Todos que conheciam Taras e Olha Melster ficaram surpresos quando eles se alistaram numa unidade de voluntários ucranianos no primeiro dia da Guerra da Ucrânia. Eles não tinham experiência militar alguma. Eram profissionais que estavam construindo seus próprios negócios. Estavam tentando ter filhos.

"Fiquei com medo na mesma hora", contou a mãe de Taras, Liudmila Shestakova, que tinha uma relação de muito afeto com o filho e a nora. "Sabia o que a guerra significa. Significa morte. A guerra nunca traz nada de bom." Mas Olha fez pouco-caso. "Vamos ficar bem", disse ela a todo mundo. "Não se preocupem."

Liudmila Shestakova segura foto de infância do filho, Taras Melster, e da nora, Olha, em Kropivnitski, na Ucrânia
Liudmila Shestakova segura foto de infância do filho, Taras Melster, e da nora, Olha, em Kropivnitski, na Ucrânia - Ivor Prickett/The New York Times

Era sempre o que Olha dizia. Não se preocupem.
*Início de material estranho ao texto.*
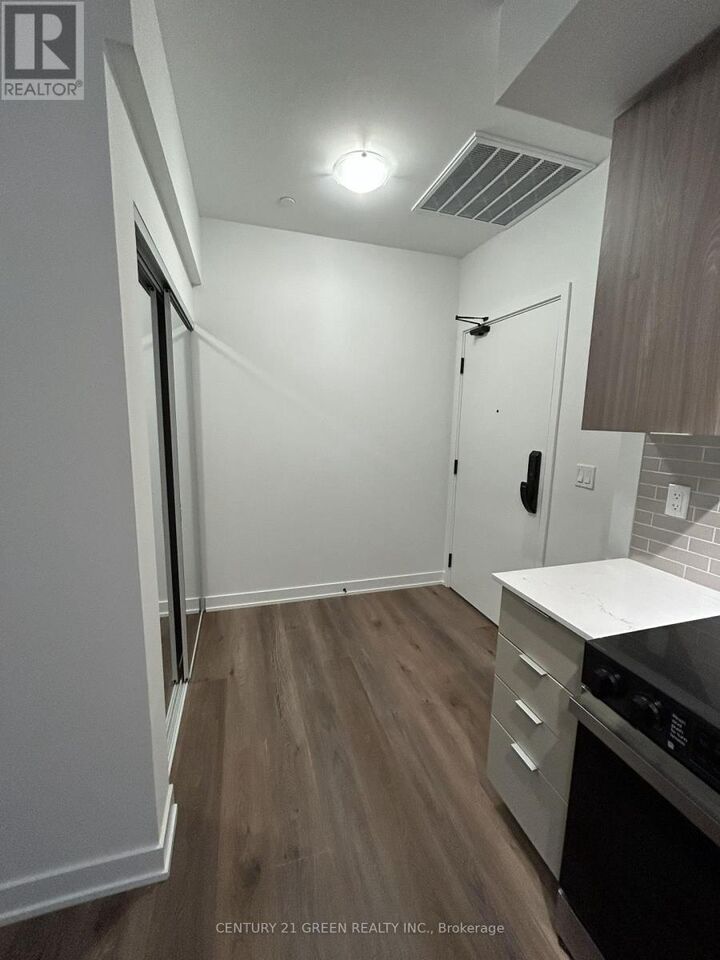 Property Photo:  2075 Lakeshore Road 504  ON L7R 1E2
Taras e Olha eram marido e mulher de classe média que dividiram uma trincheira e morreram nela. O que aconteceu com eles é um exemplo do buraco aberto na sociedade ucraniana que se aprofunda mais a cada dia que passa. Nenhum canto desse país foi poupado –nem mesmo lugares tranquilos como Kropivnitski, onde Taras e Olha estavam mapeando seu futuro.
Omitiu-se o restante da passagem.